Source code for malib.utils.exploitability

# MIT License

# Copyright (c) 2021 MARL @ SJTU

# Author: Ziyu Wan

# Permission is hereby granted, free of charge, to any person obtaining a copy
# of this software and associated documentation files (the "Software"), to deal
# in the Software without restriction, including without limitation the rights
# to use, copy, modify, merge, publish, distribute, sublicense, and/or sell
# copies of the Software, and to permit persons to whom the Software is
# furnished to do so, subject to the following conditions:

# The above copyright notice and this permission notice shall be included in all
# copies or substantial portions of the Software.
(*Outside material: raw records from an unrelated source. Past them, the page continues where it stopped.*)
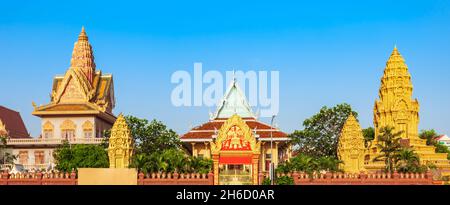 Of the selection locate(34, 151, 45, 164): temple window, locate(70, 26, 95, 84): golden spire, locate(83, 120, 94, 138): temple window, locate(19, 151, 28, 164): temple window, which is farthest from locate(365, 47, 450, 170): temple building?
locate(19, 151, 28, 164): temple window

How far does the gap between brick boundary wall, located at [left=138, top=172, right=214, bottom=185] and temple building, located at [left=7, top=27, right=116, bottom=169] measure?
22.7 meters

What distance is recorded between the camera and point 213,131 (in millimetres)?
62625

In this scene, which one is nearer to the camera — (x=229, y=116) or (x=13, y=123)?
(x=229, y=116)

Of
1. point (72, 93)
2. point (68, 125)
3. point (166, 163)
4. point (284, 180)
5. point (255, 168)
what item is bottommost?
point (284, 180)

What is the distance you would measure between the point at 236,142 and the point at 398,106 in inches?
797

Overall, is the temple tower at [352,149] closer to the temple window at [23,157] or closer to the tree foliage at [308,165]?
the tree foliage at [308,165]

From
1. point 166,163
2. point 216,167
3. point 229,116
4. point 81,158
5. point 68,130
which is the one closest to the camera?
point 166,163

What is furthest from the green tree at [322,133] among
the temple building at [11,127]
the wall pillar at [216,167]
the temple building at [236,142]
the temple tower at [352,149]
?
the temple building at [11,127]

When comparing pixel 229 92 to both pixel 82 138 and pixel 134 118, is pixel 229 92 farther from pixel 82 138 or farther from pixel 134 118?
pixel 82 138

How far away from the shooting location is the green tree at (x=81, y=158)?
54094mm

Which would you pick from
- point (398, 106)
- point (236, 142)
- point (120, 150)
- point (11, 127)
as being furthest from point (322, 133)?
point (11, 127)

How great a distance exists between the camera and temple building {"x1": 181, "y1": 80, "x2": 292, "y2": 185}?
160 ft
# THE SOFTWARE IS PROVIDED "AS IS", WITHOUT WARRANTY OF ANY KIND, EXPRESS OR
# IMPLIED, INCLUDING BUT NOT LIMITED TO THE WARRANTIES OF MERCHANTABILITY,
# FITNESS FOR A PARTICULAR PURPOSE AND NONINFRINGEMENT. IN NO EVENT SHALL THE
# AUTHORS OR COPYRIGHT HOLDERS BE LIABLE FOR ANY CLAIM, DAMAGES OR OTHER
# LIABILITY, WHETHER IN AN ACTION OF CONTRACT, TORT OR OTHERWISE, ARISING FROM,
# OUT OF OR IN CONNECTION WITH THE SOFTWARE OR THE USE OR OTHER DEALINGS IN THE
# SOFTWARE.

from collections import defaultdict
from typing import Dict, Sequence, List, Tuple, Union, Any

import logging
import warnings
import itertools

from open_spiel.python.policy import (
    Policy as OSPolicy,
    TabularPolicy,
    joint_action_probabilities_aux,
)
from open_spiel.python.algorithms import policy_aggregator
from open_spiel.python.algorithms.exploitability import nash_conv

try:
    import pyspiel
except ImportError as e:
    logging.warning(
        "Cannot import open spiel, if you wanna run meta game experiment, please install it before that."
    )

import numpy as np
import torch

from malib.utils.typing import PolicyID, AgentID
from malib.rl.common.policy import Policy
from malib.common.strategy_spec import StrategySpec


# inference: https://github.com/JBLanier/pipeline-psro


[docs]class NFSPPolicies(OSPolicy):
    """Joint policy to be evaluated."""

    def __init__(self, game, nfsp_policies: List[TabularPolicy]):
        policies = {}
        player_ids = list(range(game.num_players()))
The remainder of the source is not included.